Peu d’intervenants s’attendaient à des investissements substantiels en agriculture, même si les besoins sont grands. Lors des consultations prébudgétaires, nous avons insisté sur l’endettement croissant du secteur agricole canadien (+93,5 % entre 2012 et 2022), en raison notamment de l’augmentation du prix des terres et des investissements requis pour se conformer aux attentes sociétales. La hausse rapide et importante des taux d’intérêt (+5% depuis 2022) exerce donc une pression grandissante sur les dépenses d’intérêts (environ 1,3 G$, à terme, par hausse de 1 %, soit 6,5 % du revenu net du secteur agricole canadien en 2022). Par ailleurs, les dépenses totales des exploitations agricoles ont augmenté de 19,9 % en 2022, la plus forte hausse depuis 1979 (+21,1 %).
Les prévisions d’Agriculture et Agroalimentaire Canada (AAC), diffusées en février dernier, confirmaient par ailleurs que le revenu net total du secteur agricole canadien a chuté de 43,5 % en 2023 et diminuera de 11,5 % cette année. En clair, des milliers d’entreprises agricoles du Nouveau-Brunswick (-50,7 % en 2023), du Québec (-49,2 % en 2023; -86,5 % en 2024), de l’Ontario (-39,6 % en 2024), du Manitoba (-33,6 % en 2023, -26 % en 2024), de la Saskatchewan (-46,6 % en 2023) et de l’Alberta (-63,4 % en 2023) vivent de façon particulièrement difficile le contexte économique actuel, mettant en péril non seulement leur pérennité à très court terme, mais aussi la sécurité alimentaire des Canadiennes et des Canadiens.
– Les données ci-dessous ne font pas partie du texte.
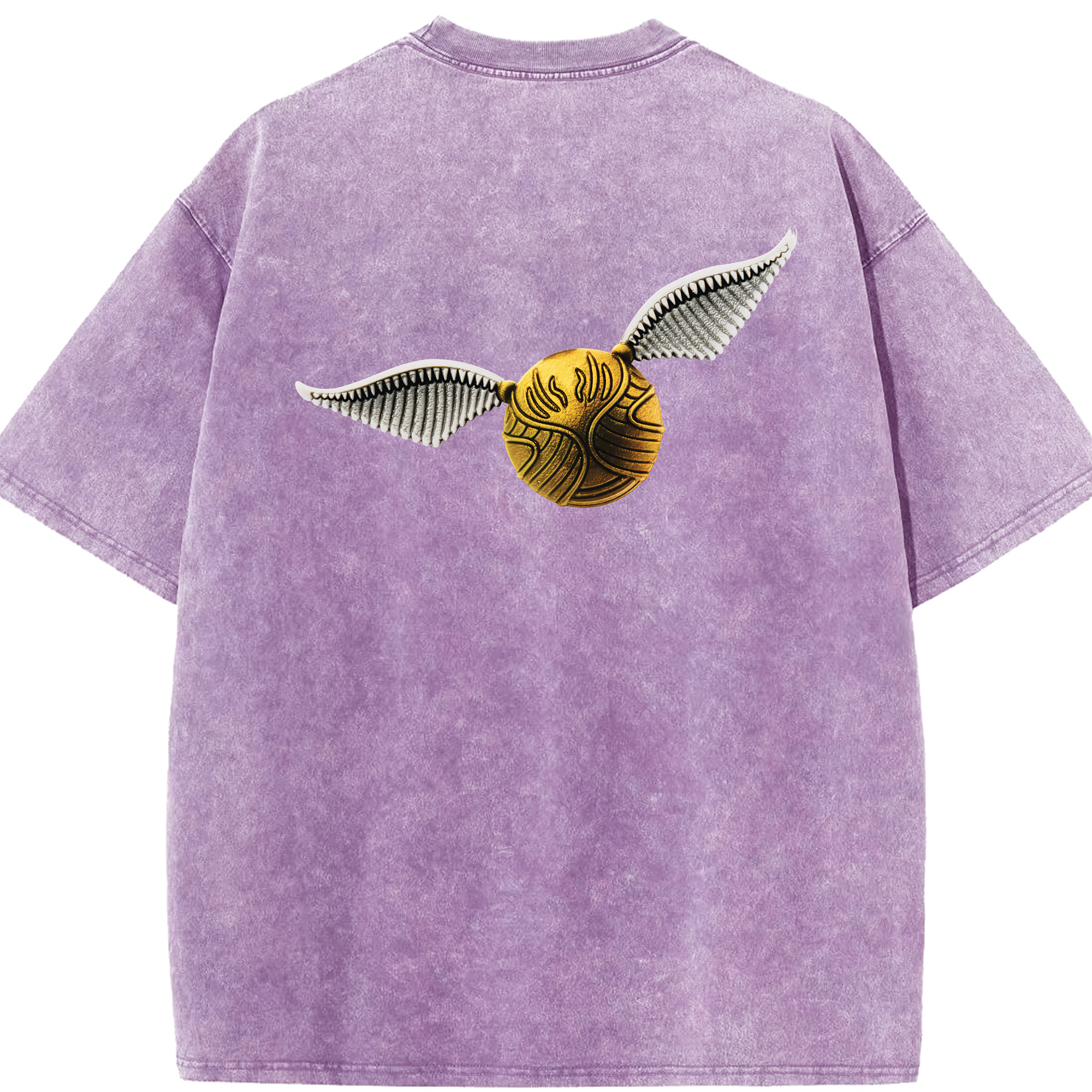 （画像用） Harry Potter ハリー・ポッターシリーズ 綿100% ヴィンテージ風 半袖Tシャツ（背面プリント）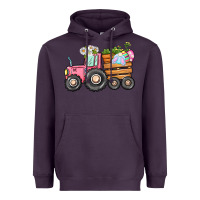 Plum Easter bunny tractor Heavyweight Hoodie - CowGirlArtShop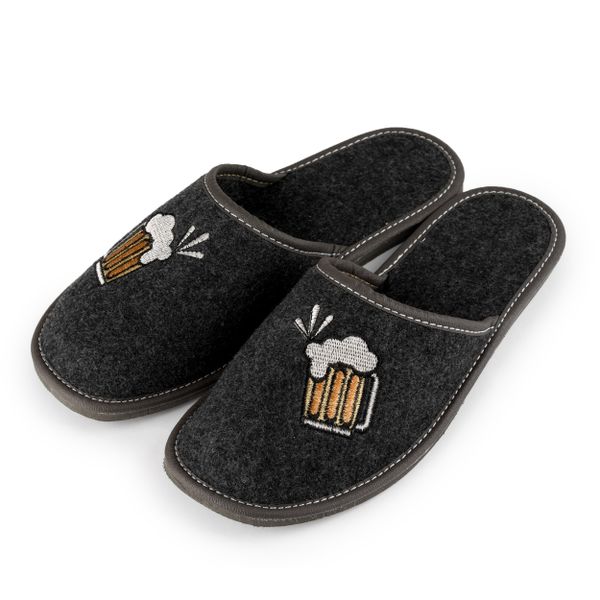 Kapcie męskie filcowe PIWO zdjęcie 1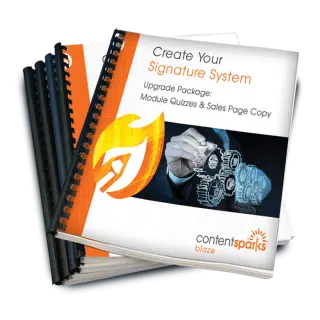 Create Your Signature System Upgrade Pack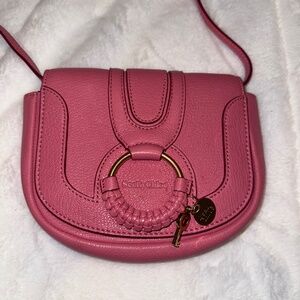 See by Chloe pink cross body bag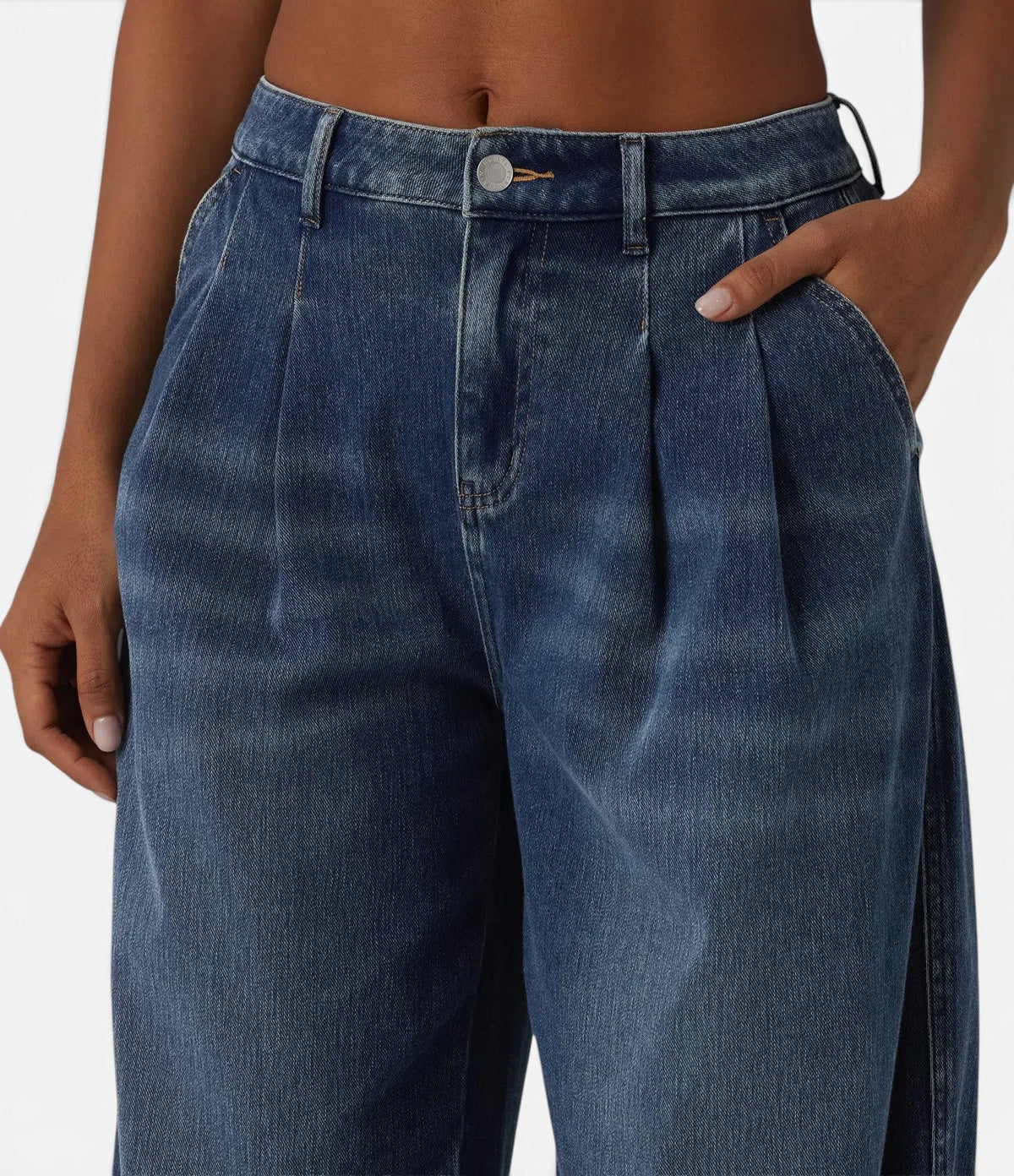 Hera™ Pleated Denim Jeans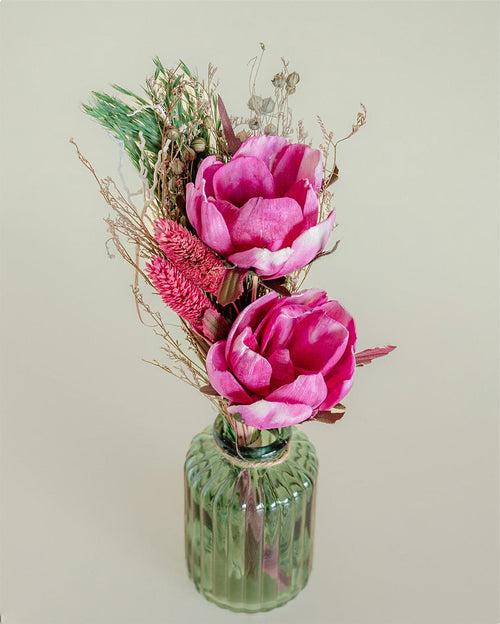 Blooms - Dried Flowers Bouquet in Glass Vase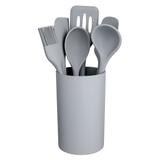 Kit Utensílios Euro Home 7 Peças Silicone Cinza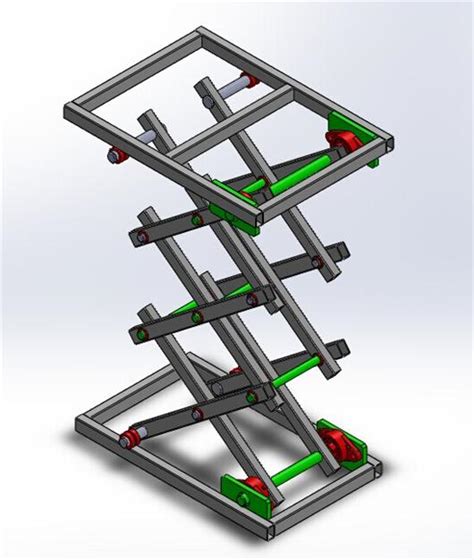 【中南】输送设备-剪刀式升降机3D模型下载_三维模型_SolidWorks、STEP模型 - 制造云 | 产品模型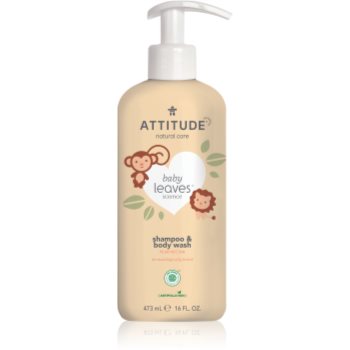 Attitude Baby Leaves Pear Nectar 2 in 1 gel de dus si sampon pentru copii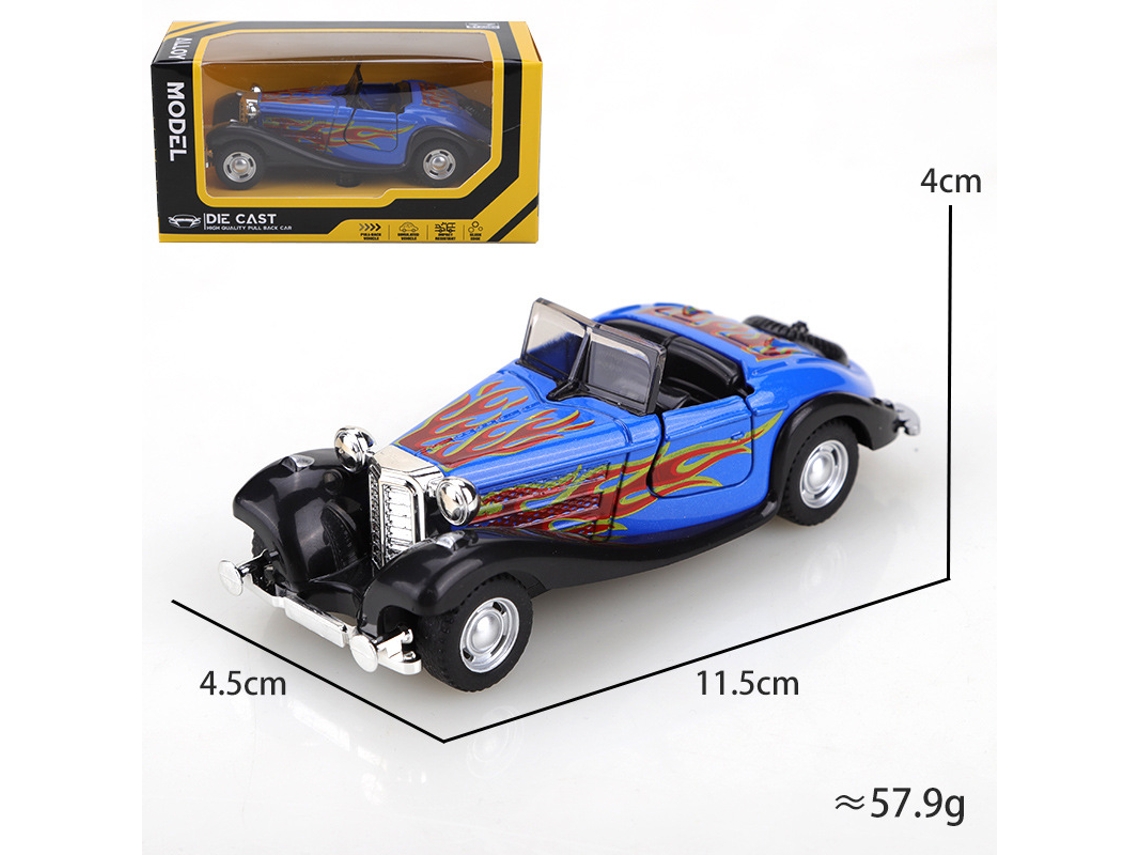 Miniaturas de Carros Fundidos em Metal, Carros de Brinquedo para Crianças MDUG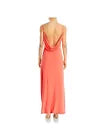 AQUA Spaghetti Strap Coral Gown
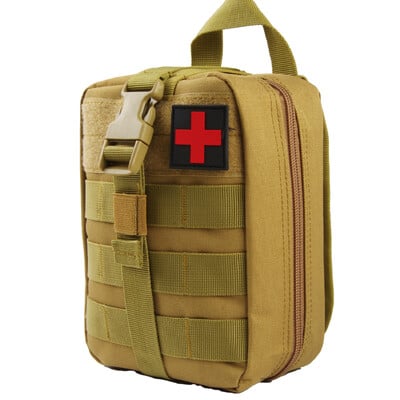 Trusă de prim-ajutor de supraviețuire Container de călătorie Pânză Oxford Pachet de talie tactic rezistent la apă Alpinism în aer liber Echipament de camping Geantă sigură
Pour toutes ces raisons, nous recommandions une aide spéciale au secteur agricole, plus fortement capitalisé que d’autres secteurs économiques et donc plus à risque face à la flambée des taux. Nous avons aussi suggéré des investissements supplémentaires en agroenvironnement, la mise en œuvre de pratiques encore plus durables entraînant des coûts importants pour les entreprises. Des investissements supplémentaires, comparables à ceux dont bénéficient nos principaux compétiteurs, étaient aussi nécessaires afin de respecter les cibles de la Stratégie pour une agriculture durable. Aux États-Unis (Conservation Programs), l’aide directe aux initiatives agroenvironnementales représente environ 0,8 % des recettes monétaires agricoles. Pour obtenir un appui équivalent, plus de 600 M$ devraient être accordés chaque année aux entreprises agricoles canadiennes.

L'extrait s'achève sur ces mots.